In the pre–high-throughput period, column-based oligo synthesis [31] and Sanger sequencing [32, 33] represented the dominant DNA synthesis and DNA sequencing techniques, respectively. At this stage, the high cost ($0.05–0.15 USD per nucleotide in 100-nt synthesis; $1 USD per 600–700 bp per sequencing read) and time-consuming nature of DNA sequencing (an automated Sanger sequencing machine reads 1,000 bases per day) [10, 26] remain the major challenges for DNA-based data storage, preventing its application on larger datasets. Therefore, studies during that time were only conducted as a proof-of-concept on a relatively small scale [2].
From 2000 onwards, on the completion of the Human Genome Project, both DNA synthesis and DNA sequencing techniques were transformed to the high-throughput scale. Array-based oligo synthesis gradually superseded column-based oligo synthesis and was widely commercialized [34–36], largely because of its relatively low cost ($0.00001–0.001 USD per nucleotide synthesis [10]). However, as oligo length increases—presumably because of potential false cross-hybridization during synthesis—the error rate also increases. Moreover, the length of synthesized oligonucleotides is limited to <200-mers; this is because the product yield drops as oligos are elongated thanks to limitations in the efficiency of chemical interactions. Although gene size (200–3,000 bp or above) array-based synthesis has been developed [37], these usually require additional steps for error correction, causing the final cost and time consumed to be high. Consequently, for cost-saving purposes and to reduce the complexity of DNA synthesis, the primary storage unit used in DNA-based data storage is <200 nt.
The concept of massively parallel sequencing (or next-generation sequencing [NGS]), a high-throughput sequencing method, was proposed in 2000 [38]. In the following years, sequencing by ligation and by synthesis became major players in the sequencing field. Multiple NGS platforms became commercially available (e.g., 454, Solexa, Complete Genomics), which paved the way for high-throughput DNA-based data storage. However, this emerging technique also comes with limitations. Most NGS platforms require in vitro template amplification with primers to generate a complex template library for sequencing. During this process, copying errors, sequence-dependent biases (e.g., in high-GC and low-GC regions and at long mononucleotide repeats), and information loss (e.g., methylation) are produced [9].
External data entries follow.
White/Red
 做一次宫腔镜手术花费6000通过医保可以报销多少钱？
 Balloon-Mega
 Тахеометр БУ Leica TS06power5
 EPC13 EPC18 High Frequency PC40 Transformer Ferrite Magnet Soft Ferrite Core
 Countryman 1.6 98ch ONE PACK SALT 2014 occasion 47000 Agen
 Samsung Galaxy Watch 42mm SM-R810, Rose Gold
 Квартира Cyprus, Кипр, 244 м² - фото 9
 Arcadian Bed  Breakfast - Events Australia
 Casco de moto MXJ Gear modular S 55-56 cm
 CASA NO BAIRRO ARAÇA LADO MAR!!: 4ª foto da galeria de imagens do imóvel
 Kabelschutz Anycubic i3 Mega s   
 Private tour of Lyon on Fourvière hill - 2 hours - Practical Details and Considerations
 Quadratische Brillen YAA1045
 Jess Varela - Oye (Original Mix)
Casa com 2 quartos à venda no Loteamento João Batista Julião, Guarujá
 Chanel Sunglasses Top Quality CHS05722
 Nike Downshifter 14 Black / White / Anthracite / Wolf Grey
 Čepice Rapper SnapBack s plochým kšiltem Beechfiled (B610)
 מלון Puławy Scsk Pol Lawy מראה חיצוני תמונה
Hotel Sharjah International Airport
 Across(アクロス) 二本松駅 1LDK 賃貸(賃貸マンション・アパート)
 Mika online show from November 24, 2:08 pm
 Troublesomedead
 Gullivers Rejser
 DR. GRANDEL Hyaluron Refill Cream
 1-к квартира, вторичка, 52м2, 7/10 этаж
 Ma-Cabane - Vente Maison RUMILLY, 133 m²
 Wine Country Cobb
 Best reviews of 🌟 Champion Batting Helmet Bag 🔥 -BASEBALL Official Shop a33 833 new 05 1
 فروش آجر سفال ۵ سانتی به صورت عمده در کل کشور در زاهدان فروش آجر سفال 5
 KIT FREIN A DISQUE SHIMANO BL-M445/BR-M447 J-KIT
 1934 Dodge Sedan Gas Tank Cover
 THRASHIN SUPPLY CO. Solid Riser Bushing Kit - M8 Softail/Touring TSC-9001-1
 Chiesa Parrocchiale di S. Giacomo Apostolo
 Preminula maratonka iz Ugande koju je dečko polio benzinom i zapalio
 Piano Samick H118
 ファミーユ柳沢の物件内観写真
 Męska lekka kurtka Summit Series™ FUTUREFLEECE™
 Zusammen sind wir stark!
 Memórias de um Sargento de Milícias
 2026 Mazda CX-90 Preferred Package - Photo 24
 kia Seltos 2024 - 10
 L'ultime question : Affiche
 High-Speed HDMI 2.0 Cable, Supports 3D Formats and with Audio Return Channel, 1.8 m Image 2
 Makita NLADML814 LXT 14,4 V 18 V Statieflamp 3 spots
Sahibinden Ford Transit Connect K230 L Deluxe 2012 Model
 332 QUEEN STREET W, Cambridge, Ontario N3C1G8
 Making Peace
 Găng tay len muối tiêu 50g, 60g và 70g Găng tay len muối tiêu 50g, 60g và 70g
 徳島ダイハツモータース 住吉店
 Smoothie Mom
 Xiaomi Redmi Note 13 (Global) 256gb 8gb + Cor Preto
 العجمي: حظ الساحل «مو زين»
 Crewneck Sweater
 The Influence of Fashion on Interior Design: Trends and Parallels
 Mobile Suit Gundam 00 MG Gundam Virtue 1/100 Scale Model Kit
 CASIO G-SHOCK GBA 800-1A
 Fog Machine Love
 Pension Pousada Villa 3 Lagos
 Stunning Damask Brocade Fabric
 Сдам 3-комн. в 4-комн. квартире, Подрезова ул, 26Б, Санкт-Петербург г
In 2012, Church and colleagues successfully demonstrated the first application of high-throughput DNA synthesis and NGS in DNA-based data storage [9]. It initiated rapid development of coding schemes incorporating NGS. Two of the most common goals at this stage were how to improve coding efficiency and how to correct sequencing errors.
While NGS remains dominant, real-time, single-molecule sequencing (or third-generation sequencing) is continually evolving [39, 40]. Despite its relatively high sequencing error rate (∼10%), it is reportedly capable of long read-length sequencing, high-GC tolerant, and generates only random errors [28]. These characteristics mean it outperforms NGS counterparts and make it ideal for data retrieval in DNA-based data storage. In 2017, Yazdi et al. used Oxford Nanopore MinION technology to retrieve data stored in DNA, showing optimal robustness and high efficiency [28]. This study implies a possible shift from NGS to single-molecule sequencing because of its potential for compactness and stand-alone DNA data storage systems [13, 30]. Table 2 summarizes the frequently used sequencing platforms in DNA-based data storage. Recently, Oxford Nanopore Technologies announced plans to develop a “DNA writing” technique using their Nanopore technology. Using the same platform to both read and write, they claim it will be possible to selectively modify native bases and stimulate localized reactions, such as light pulses for encoding, which will provide real-time read and write capabilities for DNA-based data storage [41].
Table 2:
Summary of frequently used sequencing platforms in DNA-based data storage (data retrieved from [42])
Platform | Error rate (%) | Runtime | Instrument cost (US$) | Cost per Gb (US$) | Reference |
---|---|---|---|---|---|
Illumina MiSeq | 0.10 | 4–56 hours* | 99,000 | 110–1,000* | [12, 15, 18, 25] |
Illumina HiSeq 2000 | 0.26† | 3–10 days* | 654,000 | 41 | [8, 11] |
Illumina HiSeq 2500 | 0.10 | 7 hours–6 days†,* | 690,000 | 30–230* | [17] |
Illumina NextSeq | 0.20† | 11–29 h* | 250,000 | 33–43* | [13] |
Oxford Nanopore MinION | 8.0† | ≤48 h | 1,000 | 70† | [13, 28] |
†Latest data retrieved from the industrial report (may be different from previous literature); *varied by read length and reagent kit version.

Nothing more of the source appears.